Malaysia's prime minister-in-waiting says he may use another fiscal package to stimulate the sagging economy, warning that the global financial meltdown could result in job losses at home in 2009.
"What we are facing are the effects of a global meltdown which will impact on our economy adversely," Deputy Prime Minister Najib Razak said in an interview published in the latest issue of The Edge business weekly.
In November, the government unveiled a plan to inject 7 billion ringgit ($2 billion) into the economy, which is forecast to grow by 3.5 percent in 2009, down from a target of 5.4 percent. But some economists have warned growth could fall below 2 percent.
Najib, who is scheduled to take over as prime minister in March, said he is not averse to another stimulus package to boost spending.

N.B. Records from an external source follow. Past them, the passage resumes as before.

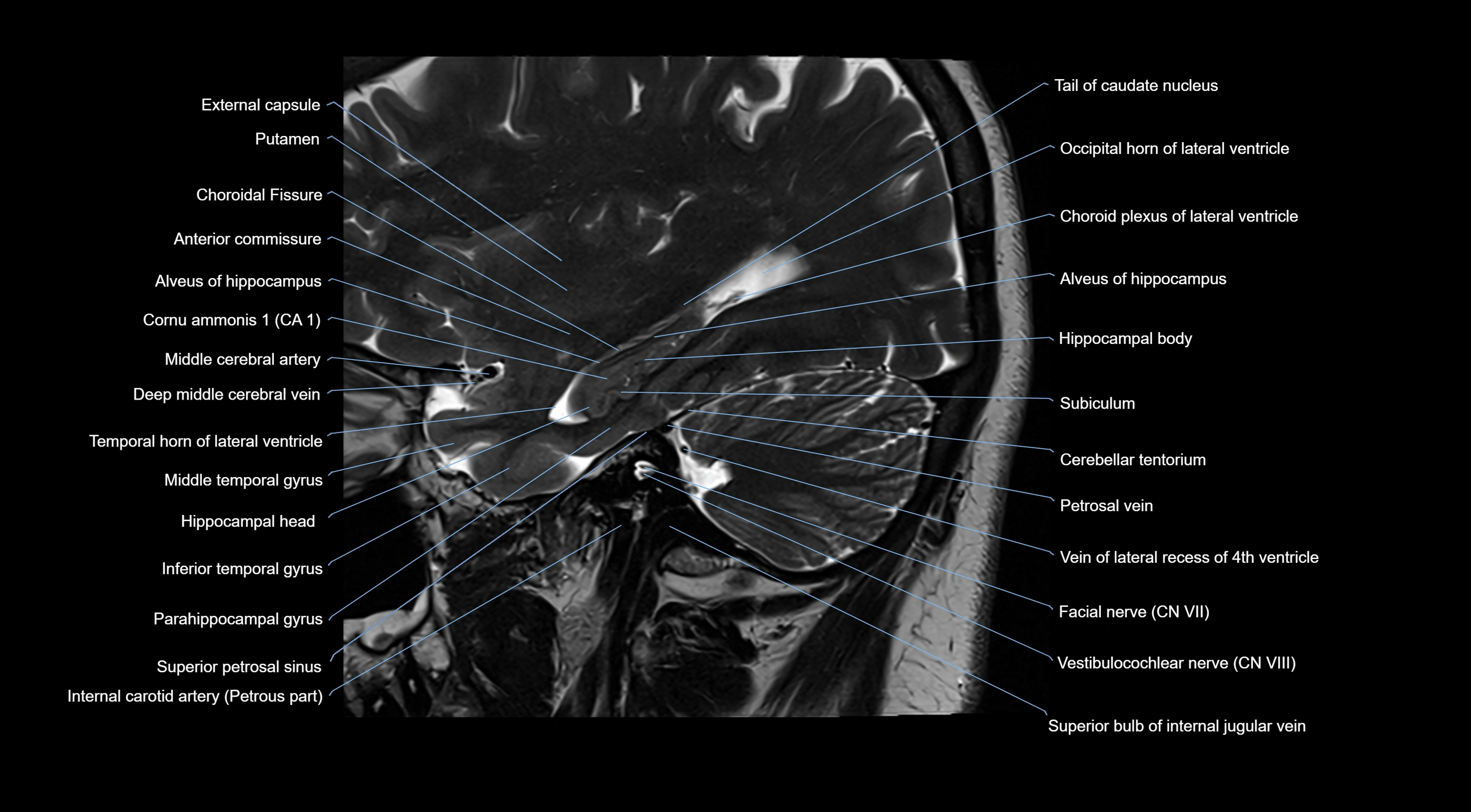 MRI brainstem & basal ganglia anatomy labelled  3T MRI images -img-10001-00011.webp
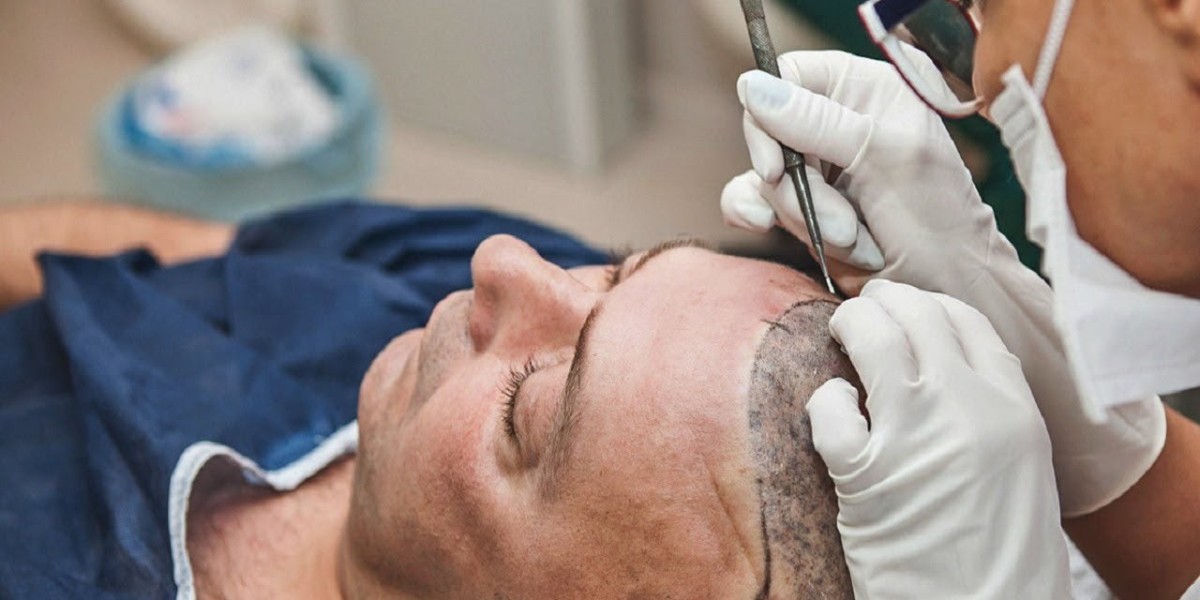 How to Choose the Best Hairline Design for You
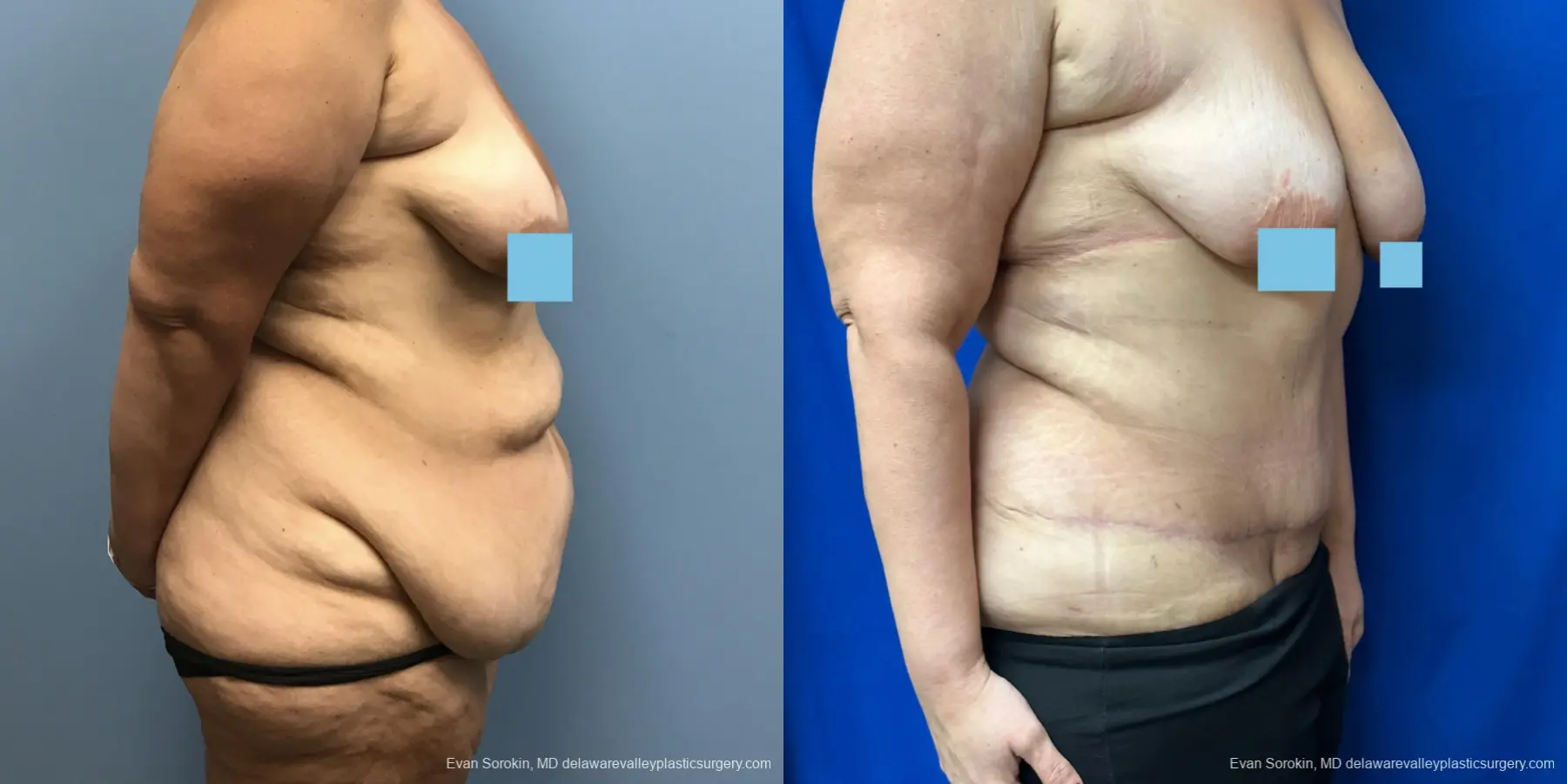 Abdominoplasty: Patient 37 - Before and After 2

"My priority is that I really want to save the rakyat (people) from having to go through hardships if the real economy is impacted," he said in the interview.
In a separate interview published Wednesday in the New Straits Times daily, Malaysia's central bank chief Zeti Akhtar Aziz also indicated the government may need to spend more.
"If conditions in the major economies worsen, then further stimulus will definitely be necessary to prevent our economy from slipping into negative territory," Zeti said.
Further spending may widen the government's budget deficit _ targeted at 4.8 percent of gross domestic product next year _ but it will only be temporary, she said.
Najib said a deficit of more than 5 percent was tolerable as long it was for only one or two years.
He said that as a result of the global economic slowdown, Malaysia may have to face businesses "downsizing and retrenchment of workers in the private sector."
"But there is a saving grace - inflation is expected to moderate next year" because of falling fuel prices, he said.
Inflation could be in the region of about 4.0 per cent or less in 2009, according to Najib. Inflation in July and August hit its highest level in nearly three decades at 8.5 percent.
Najib also said foreign investors were beginning to see political stability returning after a period of uncertainty following the March 2008 general elections when the ruling coalition suffered a big drop in its majority.
The poor result triggered a virtual revolt against the leadership of Prime Minister Abdullah Ahmad Badawi, who agreed to step down in favor of Najib in March.